Write out again the lines from the line with "531 - A cased" up to and including the line with "A recruit signs", exactly as they stand below, and skip any picture.

** Opening Data block **

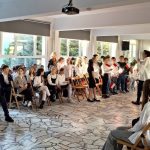 Dzieci w oficjalnych strojach siedzą i stoją w jasnym pomieszczeniu, uczestnicząc w szkolnym wydarzeniu lub prezentacji.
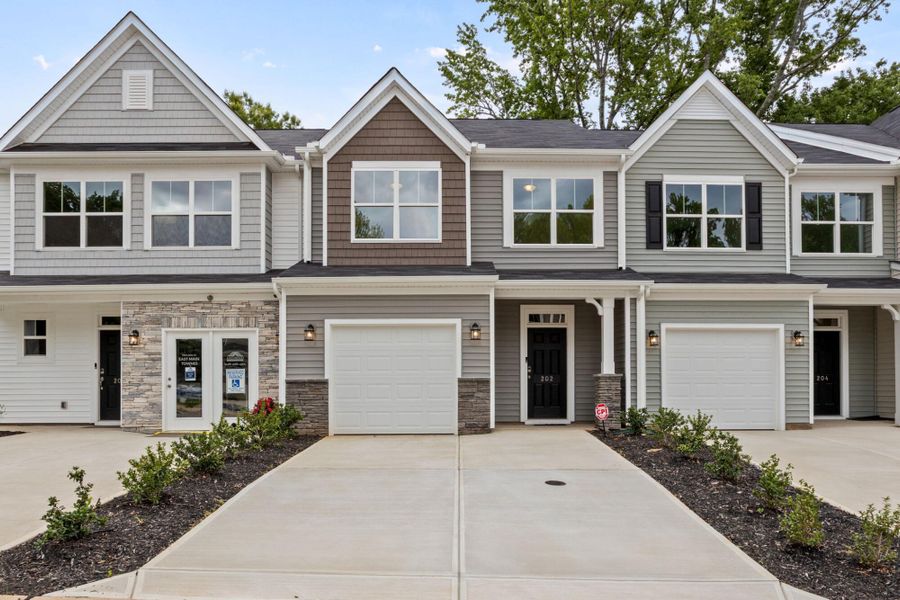 Front exterior of a new home in East Main Townes, Spartanburg, SC, highlighting curb appeal (Image 1). Front exterior of a new home in East Main Townes, Spartanburg, SC, highlighting curb appeal (Image 1).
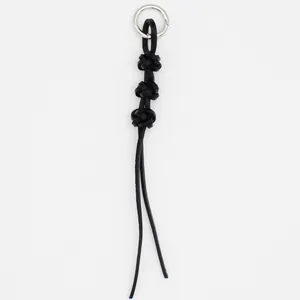 Handmade black braided cowhide leather keychain charm with minimalist knotted design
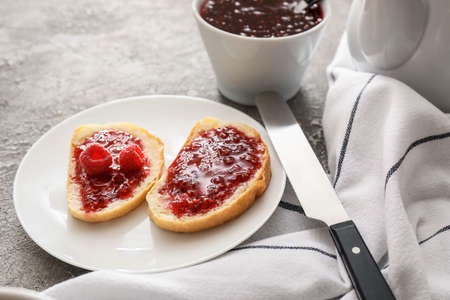 Toasts with sweet raspberry jam on grunge background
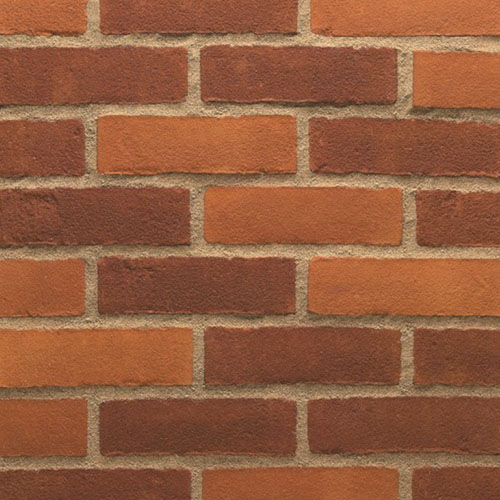 Close up of a wall of EcoBrick Warnham Red Orange Blend bricks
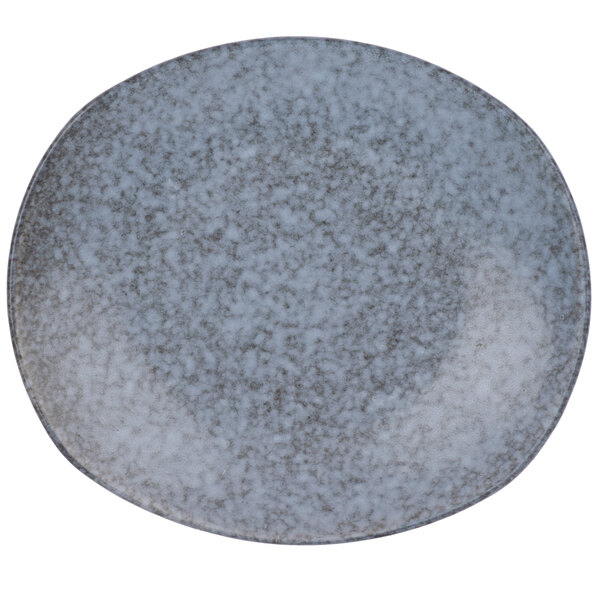 A close-up of a blue rectangular stoneware salad plate with a speckled design.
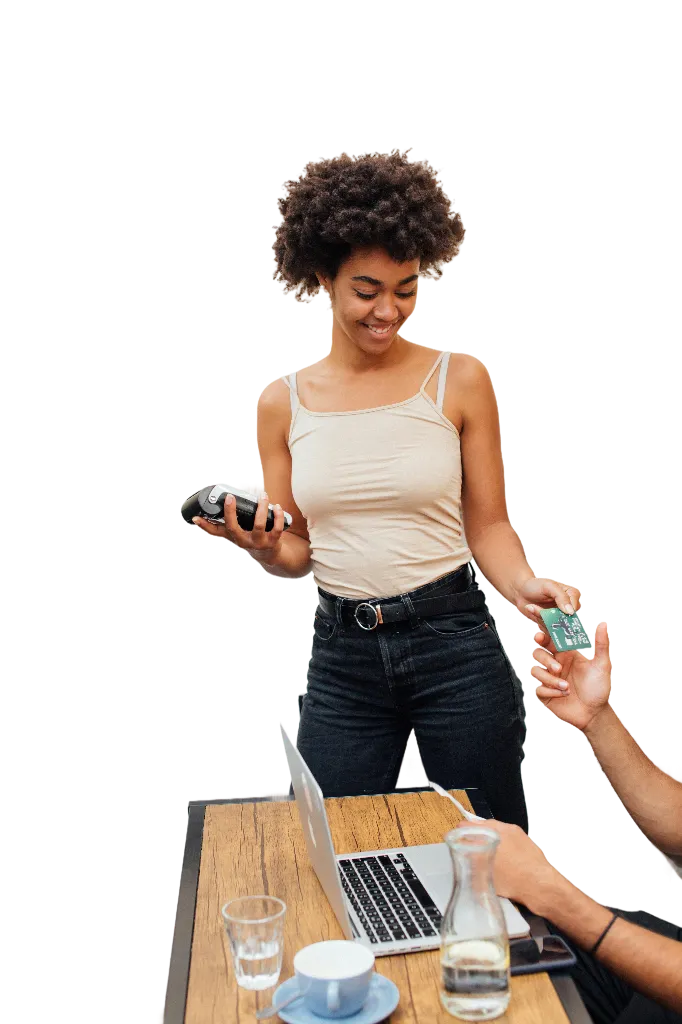 Man paying waitress by card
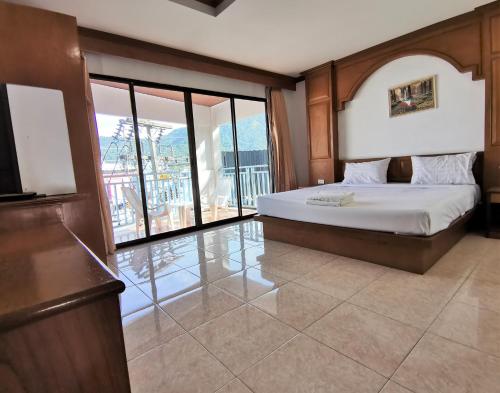 a bedroom with a bed and a large window at Praew Mansion in Kamala Beach
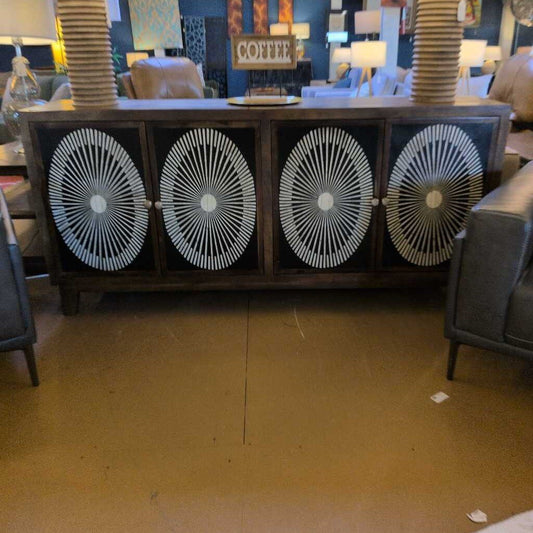 Furniture store interior with decorative cabinet and chairs.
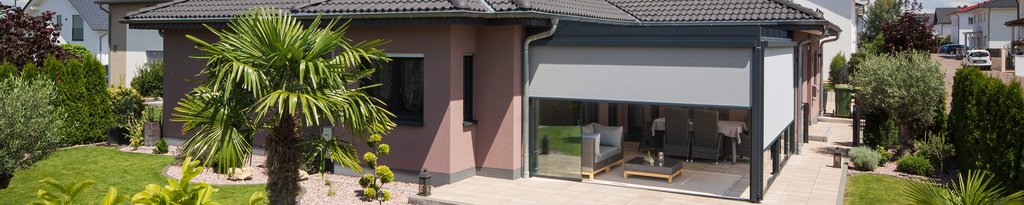 Een moderne woning met een overdekte terrasruimte en groene tuin. Een moderne woning met een overdekte terrasruimte en groene tuin.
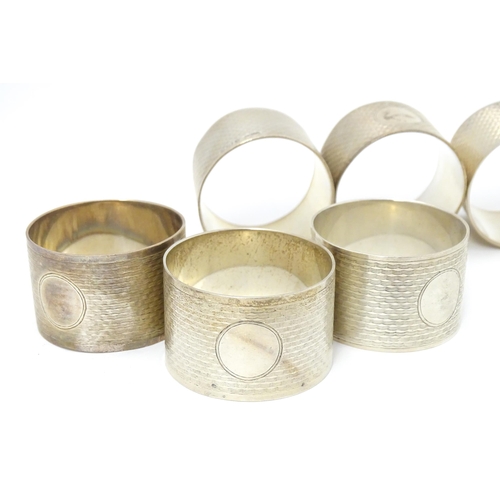 531 - A cased set of six silver napkin rings with engine turned decoration hallmarked Birmingham 1912, mak... 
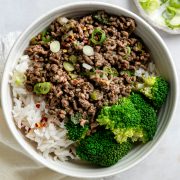 A bowl of stir fried beef mince served with broccoli and rice.
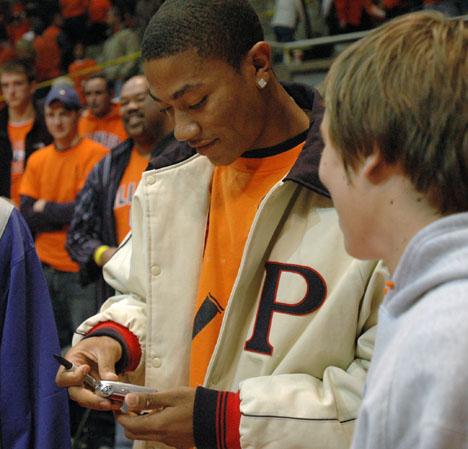 A recruit signs an autograph for a fan after the Orange and Blue Scrimmage at Assembly Hall, Friday October 27th, 2006. Potential recruits were invited to watch the scrimmage match on the floor of the court. Joseph Lamberson
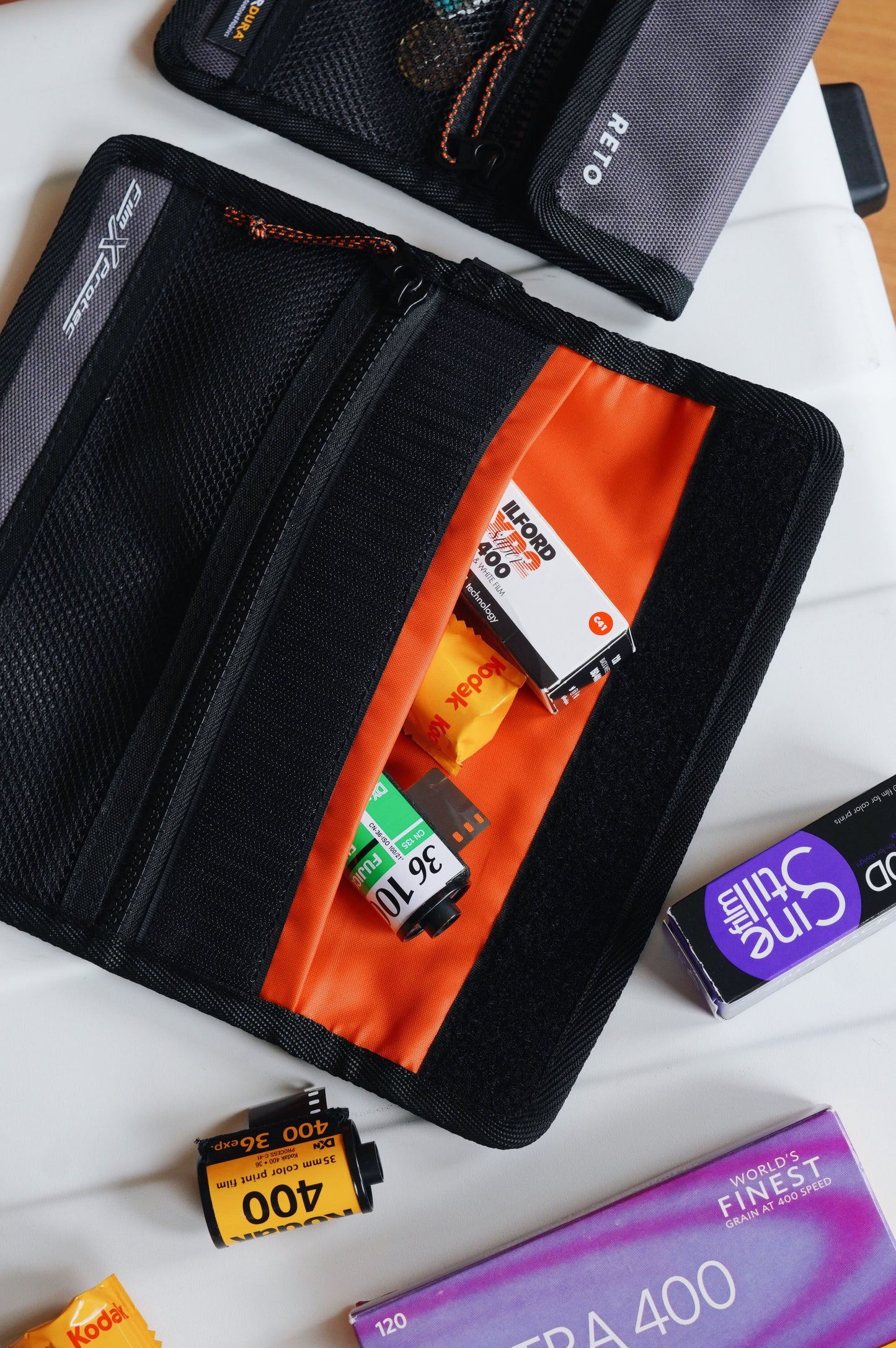 RETO Film X-Protec Bag (Medium) showcasing orange interior with 35 mm film rolls neatly organized inside.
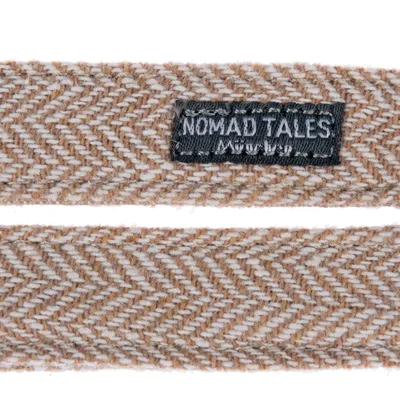Nomad Tales lettering on brown and white fabric with herringbone pattern.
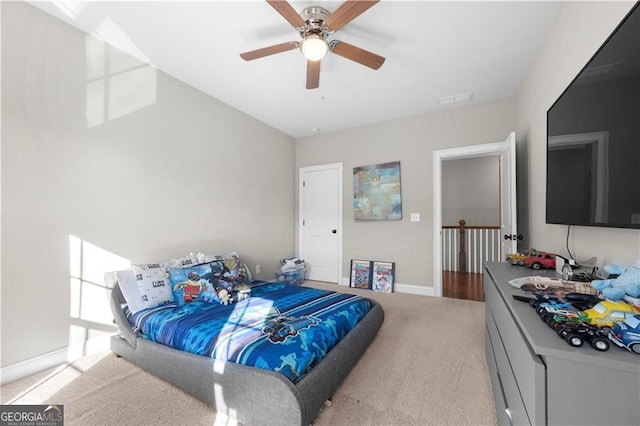 carpeted bedroom featuring ceiling fan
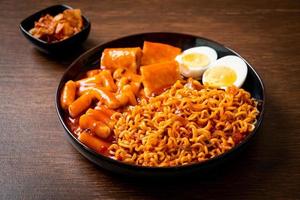 Korean instant noodles with Korean rice cake and fish cake and boiled egg photo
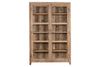 The nkuku Ibo Reclaimed Wood & Glass Cabinet - Natural - Wide features two glass-paneled doors, five inside shelves, antique brass handles, and four short legs. Crafted from weathered wood for a tall, rustic look.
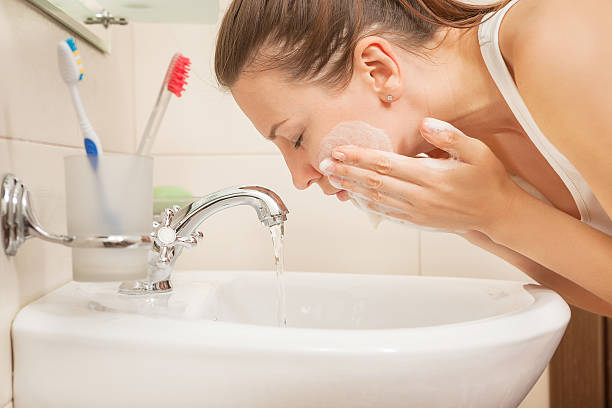 young woman washing face stock photo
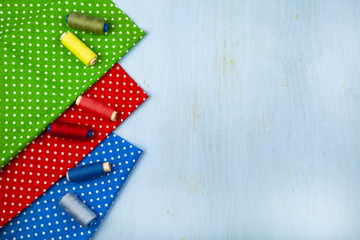 Coils with threads and multi-colored fabrics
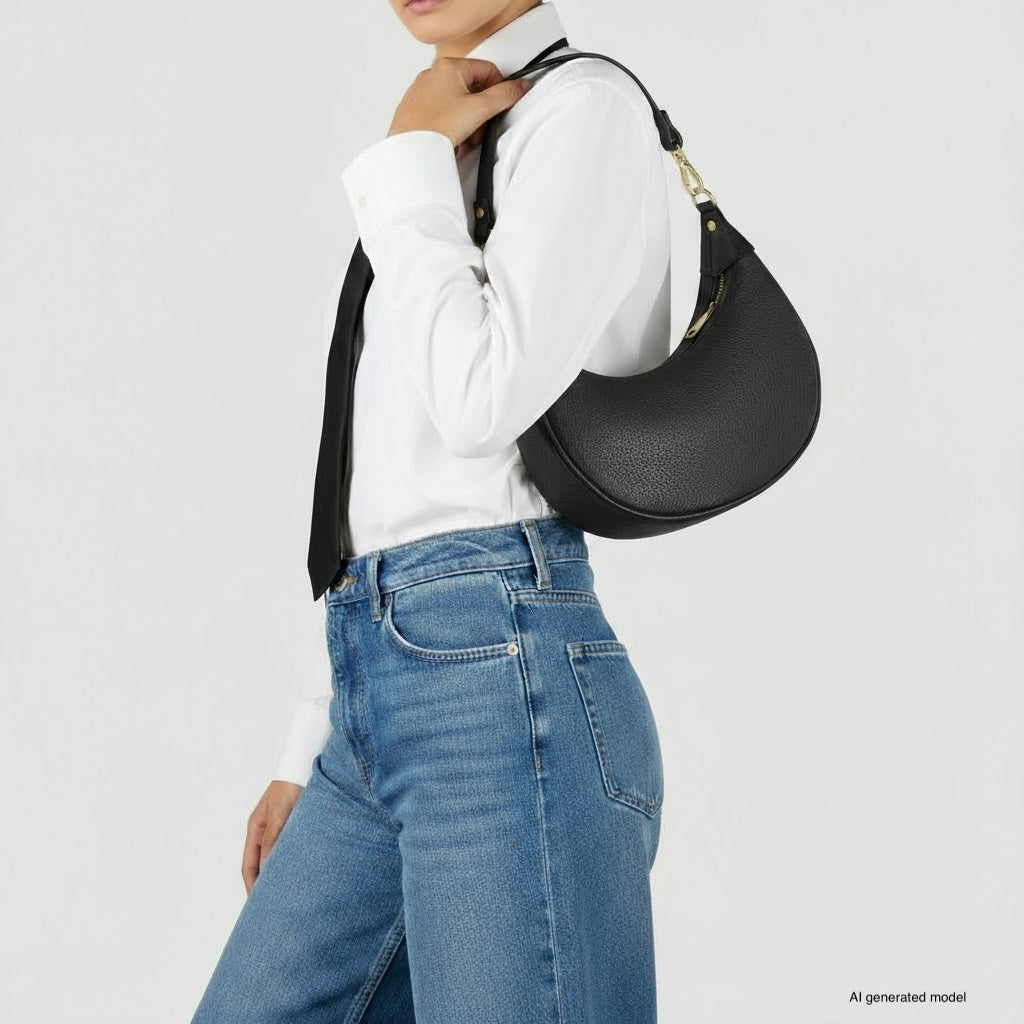 A person wearing a white shirt, black tie, and blue jeans holds a crescent-shaped handbag crafted from Italian calf leather against a plain light background. The model's face is partially out of frame.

** Closing Data block **

▸ Written solution:
 531 - A cased set of six silver napkin rings with engine turned decoration hallmarked Birmingham 1912, mak... 
 A bowl of stir fried beef mince served with broccoli and rice.
 A recruit signs an autograph for a fan after the Orange and Blue Scrimmage at Assembly Hall, Friday October 27th, 2006. Potential recruits were invited to watch the scrimmage match on the floor of the court. Joseph Lamberson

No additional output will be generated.